Nor despite superficial appearances is the galaxy a "bathtub vortex" draining down the central supermassive black hole; as other posters have noted, the spiral arms are not "streams of matter," but rather concentrations of bright, hot, short-lived stars that form in the wake of "density waves" propagating through the gas and dust of the galactic disk.
Thus, as other posters have noted,stars do not "fall into" the central supermassive BH for the same reason that the the planets do not "fall into" the Sun: They are in stable orbits around the galaxy.
Moreover, please also note that the mass of the central black hole in a spiral galaxy is minuscule compared to the mass of the galaxy itself --- only a small fraction of a percent --- albeit that mass does appear to be correlated with the mass of the host galaxy, see e.g. http://iopscience.iop.org/0004-637X/737/2/50/. (Why the mass of every supermassive BH appears to be about the same small fraction of a percent of the total mass of its host galaxy is still an open question.)
A: I'm not going to present a complex mathematical argument, nor investigate the abstruse corners of the Standard Model of physics that would require a University-level qualification to comprehend.
I merely wish to make a straightforward logical point, that no one ever seems to consider.
The Galaxy has existed for thousands of millions of years (the Earth itself is at least 4.5 thousand million years old). The Universe is about 13.5 thousand million years old. The Sun has been orbiting the centre of the Galaxy for a very long time, therefore. And the Galaxy is even older than the Sun. But both the Sun and the Galaxy still exist.
If the Galaxy was in some manner unstable (this question imagines that all the stars in it are swirling down an imaginary cosmic plughole, like a bathtub of water with the plug pulled out), why would the Galaxy still exist after such a vast length of time?
I suggest that the reason why the Galaxy is still here, after all these thousands of millions of years, is a proof that the Galaxy is stable. Enough time has elapsed for the theorised disaster to occur, and the Sun to be destroyed by falling into the central black hole, but this has not in practice happened.
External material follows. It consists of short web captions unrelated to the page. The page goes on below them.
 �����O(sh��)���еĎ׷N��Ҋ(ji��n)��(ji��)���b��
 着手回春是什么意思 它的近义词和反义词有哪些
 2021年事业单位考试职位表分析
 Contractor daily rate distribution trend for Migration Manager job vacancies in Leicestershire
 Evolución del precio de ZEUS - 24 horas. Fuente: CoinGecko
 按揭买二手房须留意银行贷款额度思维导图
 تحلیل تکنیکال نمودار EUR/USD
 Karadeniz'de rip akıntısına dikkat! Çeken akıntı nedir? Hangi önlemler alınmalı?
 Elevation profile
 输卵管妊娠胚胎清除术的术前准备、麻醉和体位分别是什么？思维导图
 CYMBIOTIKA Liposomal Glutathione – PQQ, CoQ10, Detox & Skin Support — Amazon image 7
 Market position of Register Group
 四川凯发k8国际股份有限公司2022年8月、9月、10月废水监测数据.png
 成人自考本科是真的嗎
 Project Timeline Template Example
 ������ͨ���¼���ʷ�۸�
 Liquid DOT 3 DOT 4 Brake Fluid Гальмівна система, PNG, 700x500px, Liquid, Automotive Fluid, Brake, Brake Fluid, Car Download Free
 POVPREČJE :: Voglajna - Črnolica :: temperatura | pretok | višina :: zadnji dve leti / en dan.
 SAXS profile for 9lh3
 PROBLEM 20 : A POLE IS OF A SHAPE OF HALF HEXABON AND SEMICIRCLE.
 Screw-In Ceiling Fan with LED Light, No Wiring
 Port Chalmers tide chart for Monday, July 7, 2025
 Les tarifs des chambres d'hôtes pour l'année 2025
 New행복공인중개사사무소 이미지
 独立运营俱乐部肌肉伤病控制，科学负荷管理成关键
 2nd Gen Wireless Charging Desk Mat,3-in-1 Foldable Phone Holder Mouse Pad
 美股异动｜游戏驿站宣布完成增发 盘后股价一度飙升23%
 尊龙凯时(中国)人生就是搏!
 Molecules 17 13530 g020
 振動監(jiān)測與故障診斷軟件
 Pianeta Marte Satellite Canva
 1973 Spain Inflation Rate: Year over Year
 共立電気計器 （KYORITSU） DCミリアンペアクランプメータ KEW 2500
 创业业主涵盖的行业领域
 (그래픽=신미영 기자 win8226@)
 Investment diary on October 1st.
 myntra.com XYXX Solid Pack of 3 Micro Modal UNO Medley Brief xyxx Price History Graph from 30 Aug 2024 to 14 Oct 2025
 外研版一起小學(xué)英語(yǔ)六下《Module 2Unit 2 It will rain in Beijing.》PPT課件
I suggest this proves that the Sun is in a stable orbit about the galactic centre of mass, such that the radius of the Sun's orbit is not significantly changed in all these eons, and that the length of time the galaxy has existed proves that it exists in a state of equilibrium, in which its stars are in stable orbits.
A: Black holes  pull matter in thus creating a pulling of matter or rotation (gravity) force that matter rotates or spirals around thus creating our shape form and rotational direction of our galaxy. If our sun doesn't die first then yes one day we will be pulled to the center of our galaxy. Every galactic year our solar system speeds up and grows closer to the center. The reason earth doesn't collide with our sun is were all traveling at a galactic velocity constant! Which is in proportion to our galactic center ( black hole) pulling or swallowing matter, gas, and Solar systems down, a gravitional galactic constant.